I don't think it matters who he is or his credentials; unless he physically changed the silicon, it's not currently possible in any shipping chips. There is only one "entry point" for setting multiplier on the entire CPU package, there is not any interface for multiplier changes on a per-core basis. And somehow "engineering" a way to do it would also require "engineering" a way to asynchronously reach the currently clock-shared L2 cache in at the same time.
And 3dilettante is right, and I had forgotten -- Intel has at least given the tech a name, but it still doesn't exist in production. Of course, being able to clock each core differently isn't much of a power saver if you can't volt them accordingly. And what are they doing with the shared cache architecture? Does it run full-speed full-time, or does it run at the speed of the highest-multiplier core currently active?
All of Intel's Pentium-M and later chips based on the banias / dothan / conroe / merom / etc & later tech have matching individual VID's for each multiplier. So either they're going to run the entire chip off the VID associated with the highest in-use multiplier, or else (hopefully, and more intelligently) they'll allow each core to request a different VID based on it's individual current multiplier. Of course, I wonder what that does for overclocking -- although i suppose they'll still allow "locking" of the multiplier (disabling of speed step)
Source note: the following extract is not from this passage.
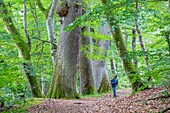 Frankreich, Allier, Saint-Bonnet-Troncais, Troncais-Wald, Bourbonnais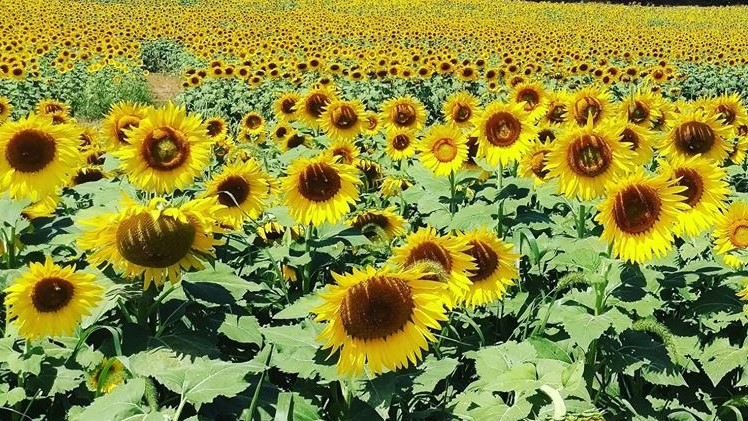 Sunflowers in bloom at Burnside Farms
Later Edit: Hey, you know what occurs to me? Your CompSi friend may be forcing throttling, which Intel does allow on a per-core basis. It's not a multiplier, but a forced level of clock-throttle. You can accomplish this through several means, I use a utility called RMClock to manage how my two laptops use voltage and multipliers. It also provides a force-throttle option, and I'm pretty sure it also allows it per-core.